The ICT4Peace Foundation has engaged with the ICRC since 2010 around the use of Information and Communications Technologies (ICTs) to strengthen its operations and mandate. Over 2010 and 2011, the Foundation met several times with representatives of the ICRC, under the Chatham House Rule, to discuss how new technologies could help strengthen the ICRC’s situational awareness, communications with disaster affected communities, stakeholders and beneficiaries, visualise complex operations and processes and the verification of information on social media.
In August 2012, the ICT4Peace Foundation, together with a diverse group of human rights and humanitarian actors, was invited by the International Red Cross to comment on the revised draft of their “Professional standards for protection work” from 2009. The standards were developed to ensure that protection work by humanitarian and human rights actors meets commonly agreed minimum professional standards, a baseline to be respected by all.
The ICT4Peace Foundation sent in detailed comments about the substance of the revised standards and suggested re-structuring the chapters from “Information Collection”, to “Data Analysis”, to “Information-Sharing”. Since the standards have so far only been used at the organizational level, the ICT4Peace Foundation stressed the need to make the standards more “user-friendly” for field personnel with an online tutorial and/or a shorter version of the standards. Currently, they are only used at the organizational level.
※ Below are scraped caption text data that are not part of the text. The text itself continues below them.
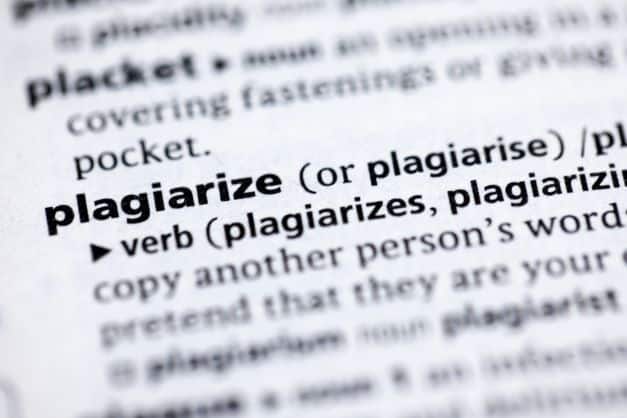 A close-up of the “plagiarism” dictionary definition.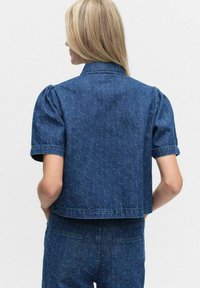 Een vrouw met blond haar draagt een blauwe denim overhemd met korte mouwen met een subtiel geborduurd patroon en bijpassende denim broek, met haar handen in de achterzakken.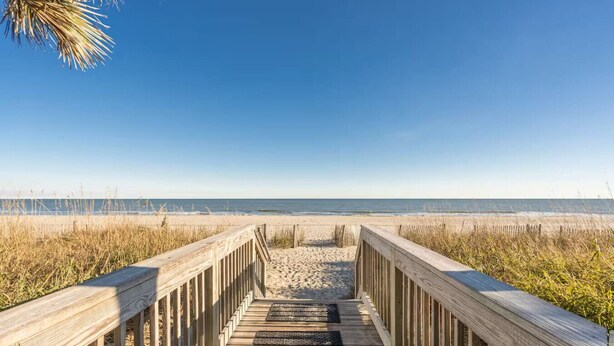 A wooden boardwalk leading to a beach with clear skies.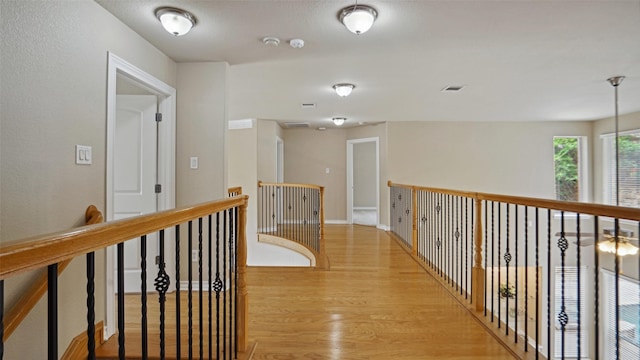 hall featuring visible vents, light wood-style flooring, baseboards, and an upstairs landing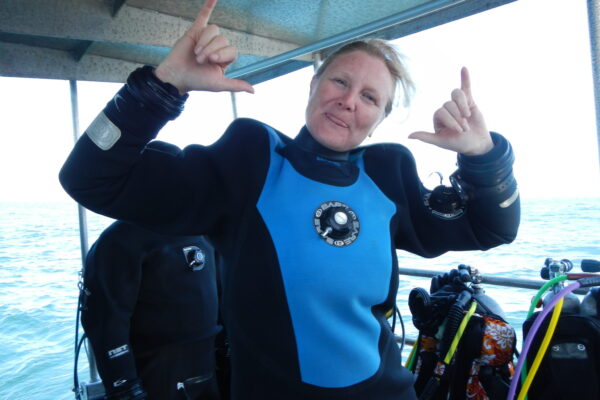 Smiling diver in blue wetsuit on boat.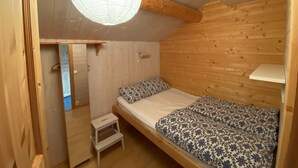 Una camera da letto piccola e accogliente con soffitto e pareti in legno, un letto singolo con copripiumino floreale e un piccolo sgabello.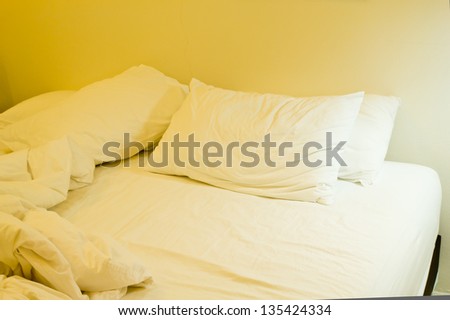 Pillows and blankets on the bed after waking up, Messy bed.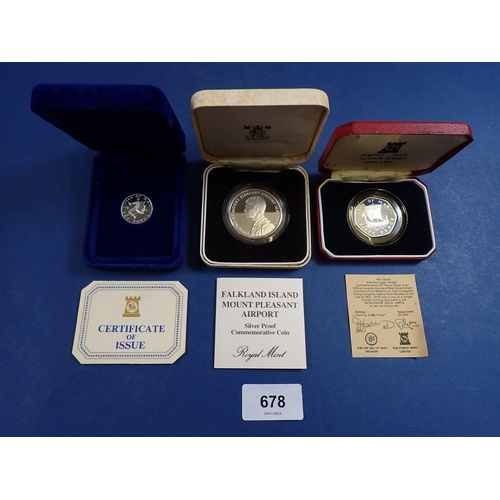 678 - Three silver proof coins including 1985 Falkland Island opening of Mount Pleasant Airport fifty penc... 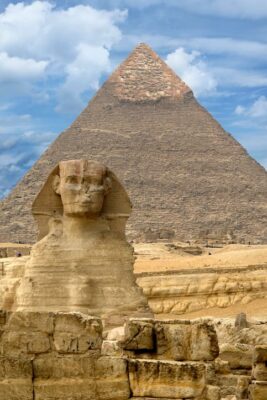 This is a color photograph that shows the colossal statue of the Graeat Sphinx and the even more impressive pyramid behind. istockphoto
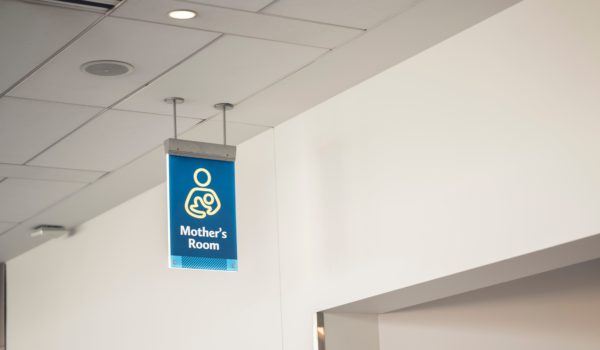 A low angle shot of a blue mother's room sign inside an airport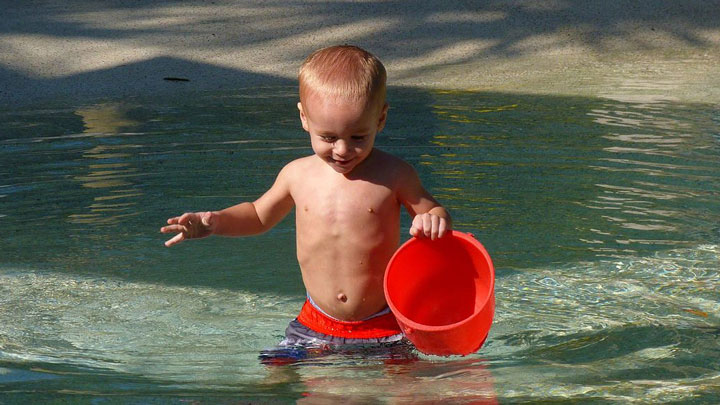 little boy plays in a pool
At the conference in Lausanne, the Foundation took part in the working groups dealing with Engaging with beneficiaries in a hyper-connected world, moderated by journalist Nik Gowing and Defining and testing new partnership paradigms moderated by Daina D. Mazutis, IMD. Daniel Stauffacher in Working Group 2 underscored the importance of an institutional approach and robust policies around information management for the ICRC, mirroring the UN’s Crisis Information Management Strategy which is supported by the ICT4Peace Foundation.
Throughout the day, the Foundation updated over Twitter (with the official hashtag #gphi2) ideas around and responses to key issues, opportunities and challenges discussed at the conference. The tweets dealt with, inter alia, the use of UAVs, the need to address issues related to gender and identity when speaking about connectivity and the use of technology, the need to democratise models of DRR that used super-computing and related to this, the need to support the use of computing centres for humanitarian research, ideas related to the use of mobiles in disasters, the role of telcos in crises and ethical concerns around the use of information. The Foundation’s updates were widely shared and a bundle of all the tweets can be accessed here.
Supporting and engaging with the work and thought-leadership of Peter Maurer, the President of the International Committee of the Red Cross, Yves Daccord, the Director-General of ICRC, Tarun Sarwal (Innovation Adviser, ICRC), Juan Luis Coderque Galligo (Head of Corporate Partnerships) and others, the ICT4Peace Foundation will continue to support the ICRC in its unique mandate to protect human lives and dignity through strategic input and advice on how to more fully grasp the potential of technology in humanitarian aid.